Re: what education points you get out of this, it's still not enough info. There are no points for a Masters Degree by itself without the supporting Bachelor Degree - if you received a Bachelor Degree from the University of Tirana and its an accredited school, it's likely that you would get 15 points for that degree, however DIAC may ask for a VETASSESS points advice letter regarding that degree (they have the option of doing this) since EA did not specifically address the issue of equivalency of that degree to the AQF.

Hope this helps -

Best,

Mark Northam


----------



## enida (Aug 28, 2012)

Hi Mr.Mark,

My university is not an accredited one, that's why I submitted the CDR, otherwise I would have followed the route of accredited universities.

I currently have 30 points (age) 10 points (positive assessment) and claim for 5 points (experience). To get 60 points I would need IELTS above 8 for each band (which is extremely difficult) or if I could claim for 5 points for my MSc IELTS above 7 would be enough.

I haven't pretended points for my MSc degree considering that my school is not accredited, but the paragraph regarding the additional qualification from EA confused me a little, and I don't know how to proceed, to consider the 5 additional points or to struggle for IELTS above 8?

Thanks a lot,
Enida


----------



## MarkNortham (Dec 19, 2012)

Hi Enida -

That explains it. An unaccredted bachelors degree means you cannot use it for points with DIAC. Fortunately EA recognises your Masters Degree and that should get you at least the 10 points, however I can't give you any specific advice as I'm not familiar with all the details of your case. Whether it will get you 15 points instead of 10 (ie, equivalent to at least an Australian Bachelor Degree) is the big question. If you try to get a VETASSESS points advice letter for a Masters Degree with an unaccredited underlying Bachelor Degree, that generally is not possible. However, the case officer may accept EA's assessment of your Masters. My concern, again, is that without an accredited underlying Bachelor degree, DIAC may require a VETASSESS points test letter on the Bachelor Degree, which would fail. The safer bet is to claim only the 10 points, but again that's based on very limited info.

Best,

Mark Northam


----------



## enida (Aug 28, 2012)

I understand, I have to struggle with IELTS .

Thank you very much Mr.Mark.

All the best,
Enida


----------



## edman (Dec 11, 2013)

*Claiming points for australian qualification*

Hi Guys,

I am facing a confusing situation regarding my skill assessment and australian study. I would greatly appreciate if you could share your opinions with me.

here is a short brief about my case:

I have a bachelor degree (agricultural engineering) from overseas and Master degree ( MBA) from Australia.

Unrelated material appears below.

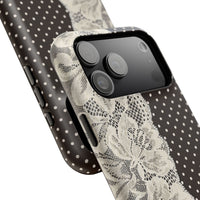Floral Lace Brown Polka Dot iPhone Case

Engineering Australia has assessed me as "engineering technologist" and assessed my degree as broadly equivalent to Australian associate degree.

I understand that i can only claim 10 points for my qualification. However, i m not sure wether i can claim 5 points for my australian study qualification. my agent is suggestion that as EA did not assess my bachelor degree as equivalent to australian bachelor degree, i cannot claim the 5 point for my australian master degree!!! (because i need to have a bachelor degree before obtaining a master degree).

n.b. my MBA degree meet the requirement for 2 years study and 16 calendar month duration. and i already granted TR based on that!

my other points:
age: 30
naati: 5
ielts: 10
state sponsorship (190): 5

your help would be greatly appreciated.

cheers,
edman


----------